Fluid layouts can save you from the problems of picking and choosing which possible screen sizes you’ll design for and creating the seamless adaptation all of them. Fluid layouts work base on percentages rather than definite measurements.

  1. Aiming for functionality

In short, functionality is having things done and achieved the goals easily in a short time with some great tools such as nearest store locations, product search, product reviews, or currency converters. You can look at the website of Purina to see how well they deal with “functions”

  1. Identifying your users

Accomplishing in every trade seem to be the impossible mission, you had better follow these step. Firstly, seek your users. Secondly, list their typical web browsing behavior. Thirdly, find out the reason that encourages them to stick. But one thing you should consider is there are two major types of web browsing are the people browsing with and without goals, and each type should be treated with different “functions”

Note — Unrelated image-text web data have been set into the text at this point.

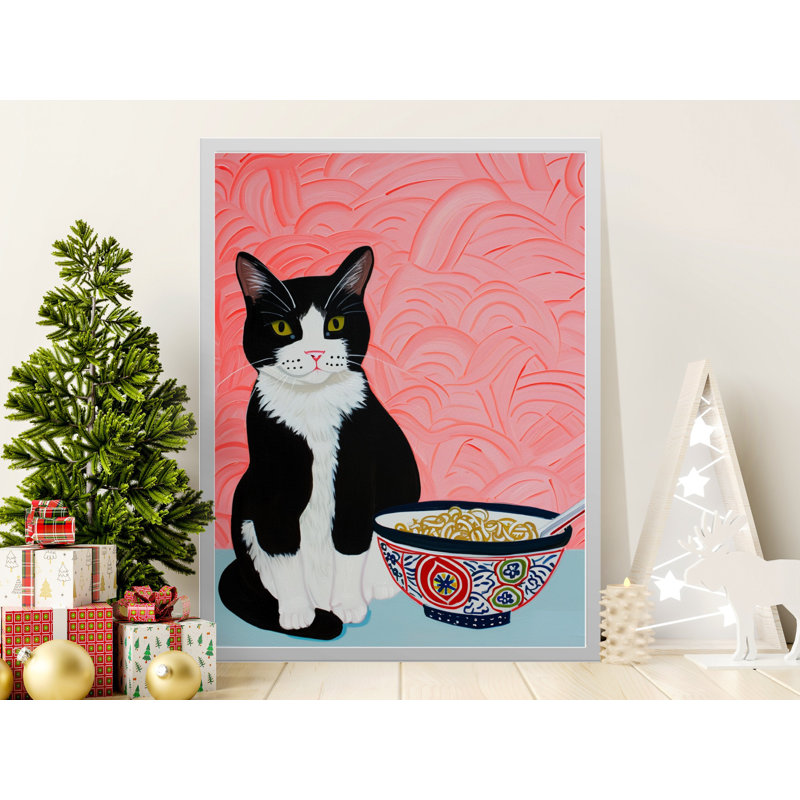 Taumsauk Single Picture Frame Print, 35.56cm H x 27.94cm W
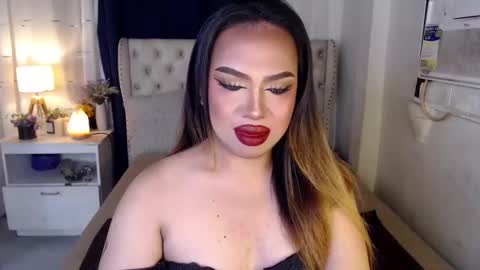 Rebeca online show from 01-12-25, 05:01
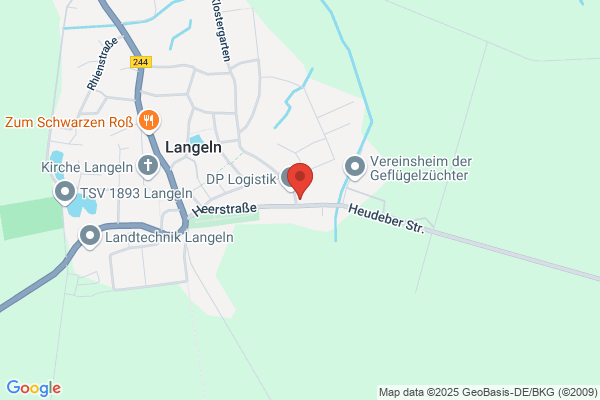 Kindertagesstätte Langeln Außenstelle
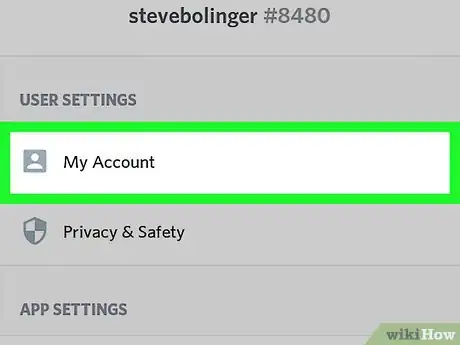 Image titled Change Your Discord Profile Picture on Android Step 4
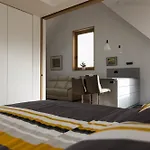 V22 - Premium Apartements Lägenhet *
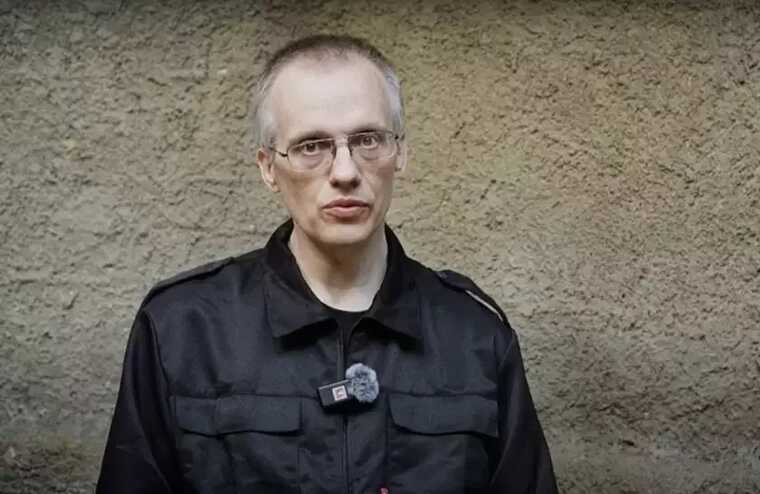 Режим Лукашенко отпустил Юрия Зенковича после вмешательства Вашингтона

  1. Looking up the developers’ libraries and guidelines

These resources will offer you the real knowledge and close look about the platform you will be using. Whichever the case, some key components of brand or “signatures” should remain.

  1. Making all contents available to all users

Sometimes, customers feel annoyed because some designers hide a part of their contents from mobile users. Or in some case, the mobile layout does not have enough space for huge contents, have you ever thought that this fact is really unfair to mobile users? These wrong approaches can make you lose a lot of potential customers. One solution for you is simplifying the layout to the extreme, moving some content to other screens to reduce clutter or trying to organize it all better.

  1. Designing for touch

With smart design, finger touches are replacing for precision-friendly mouse pointers. Therefore, your design should be changed to adapt as well. A successful task should not require users to pinch too much or zoom in to tap on something, fill out a form or tap on a button.

  1. Using compression tools

You can find script compressors such as HTML compressor or Gzip compression you can see it automatically remove unnecessary comments, white space, or code. CSS minifier, CSS compressor, and some other tools will enable you to concatenate CSS code as well as improve performance. Moreover, Image compression can reduce the size of your .jpeg and .png files but still keep the quality.